» **Task requirements**: Transcribe every line of the material below without change, apart from dropping the pictures.

★ ★ ★ ★ ★

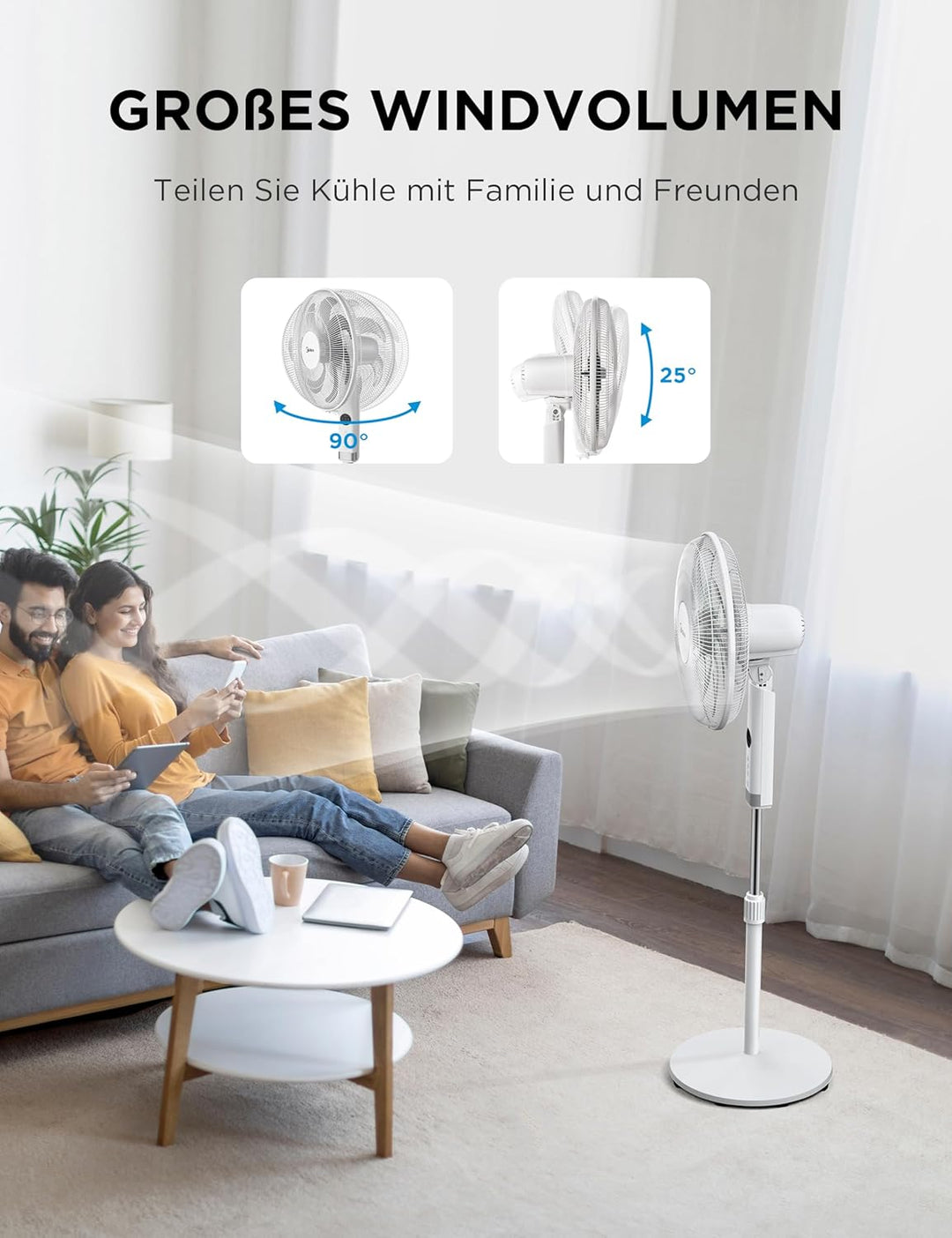 Midea FS40-23MR Standventilator mit 3 Geschwindigkeiten, Teleskophöhe und -grösse, Fernbedienung, du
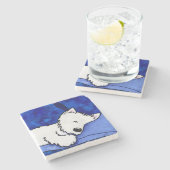 Dog Tired Westie Stone Onderzetter (Zijkant)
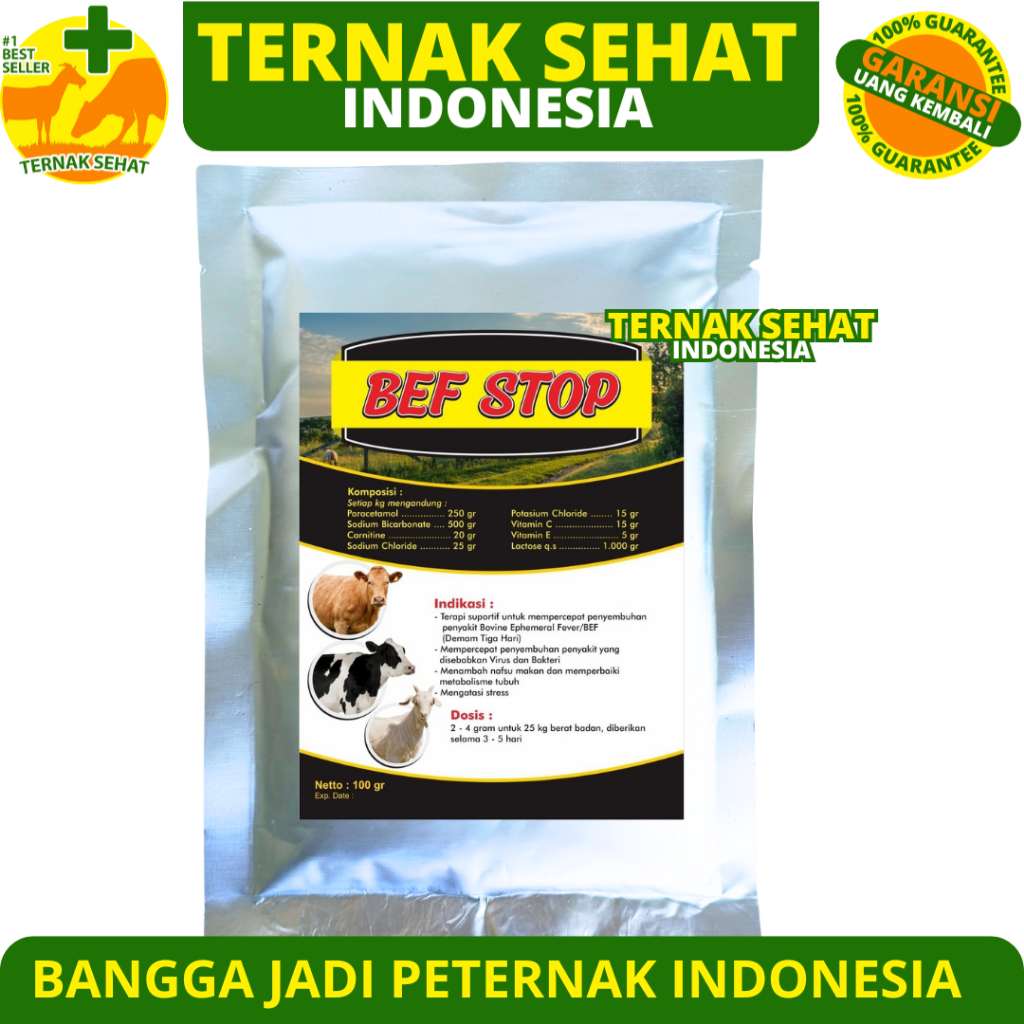 BEF STOP 100 GRAM - Obat Sapi Demam 3 Hari Obat Penurun Panas Flu Sapi Kambing Kerbau Domba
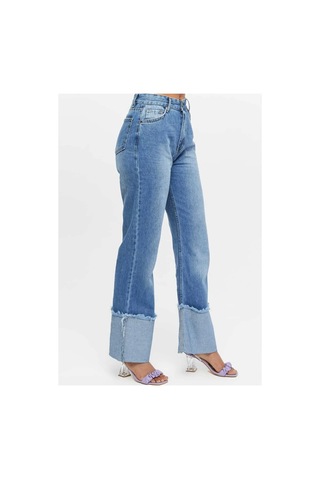 Kene Jeans Yüksek Bel Mavi İşlemli Ters Paça Püskül Detaylı Kot Jeans Mavi İşlemli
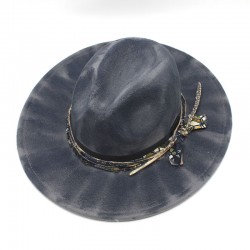 Cross-border European and American British-style hats, 9.5cm wide-brim woolen hats for men and women, autumn and winter warmth, suede jazz hats
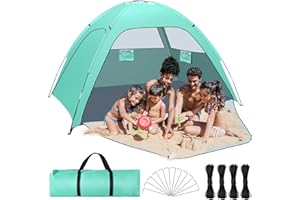 YOOHBERRYS Tenda da Spiaggia, Tenda da Mare a 2 Porte per 3-4 Persone, Tende Parasole Spiaggia Antivento UPF50+, Beach Tent da Esterno Portatile e Facile da Installare (220 * 145 * 125cm)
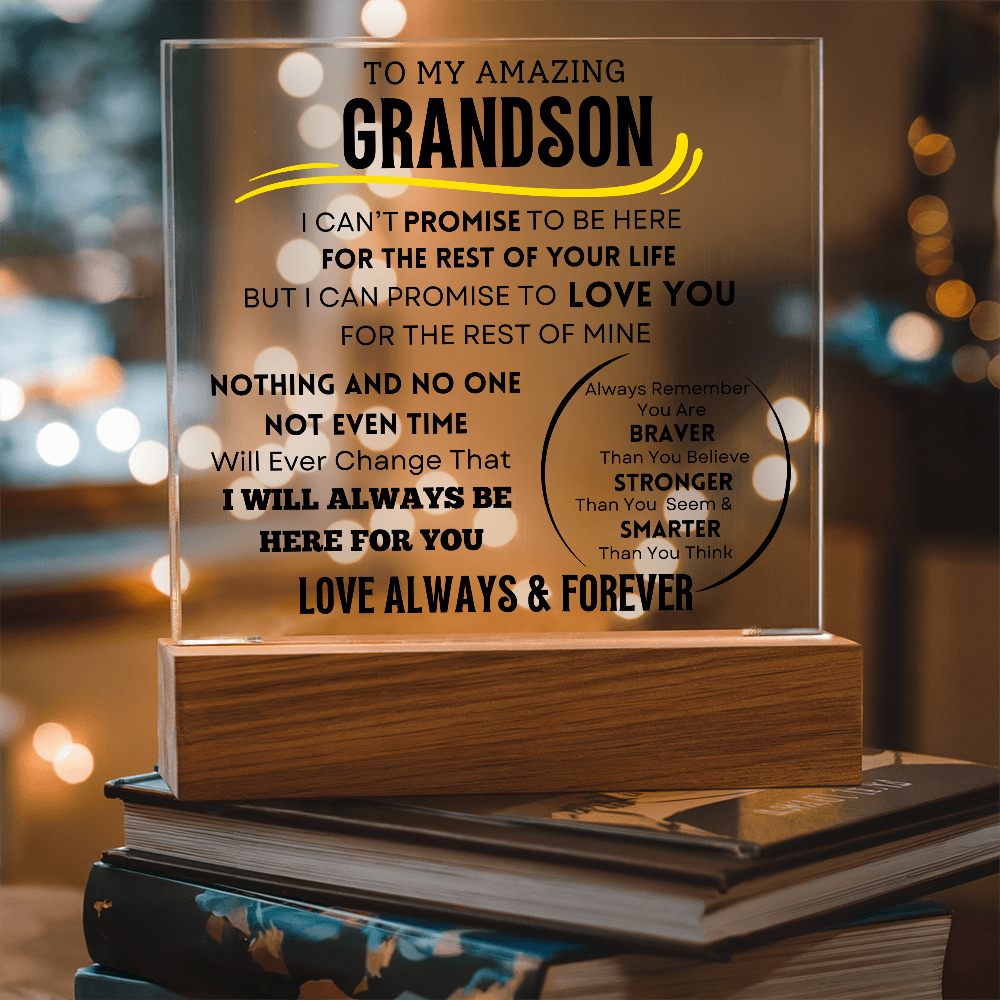 To My Grandson Acrylic LED Light Plaque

★ ★ ★ ★ ★

» **Solved exercise**:
 Midea FS40-23MR Standventilator mit 3 Geschwindigkeiten, Teleskophöhe und -grösse, Fernbedienung, du
 Dog Tired Westie Stone Onderzetter (Zijkant)
 BEF STOP 100 GRAM - Obat Sapi Demam 3 Hari Obat Penurun Panas Flu Sapi Kambing Kerbau Domba
 Kene Jeans Yüksek Bel Mavi İşlemli Ters Paça Püskül Detaylı Kot Jeans Mavi İşlemli
 Cross-border European and American British-style hats, 9.5cm wide-brim woolen hats for men and women, autumn and winter warmth, suede jazz hats
 YOOHBERRYS Tenda da Spiaggia, Tenda da Mare a 2 Porte per 3-4 Persone, Tende Parasole Spiaggia Antivento UPF50+, Beach Tent da Esterno Portatile e Facile da Installare (220 * 145 * 125cm)
 To My Grandson Acrylic LED Light Plaque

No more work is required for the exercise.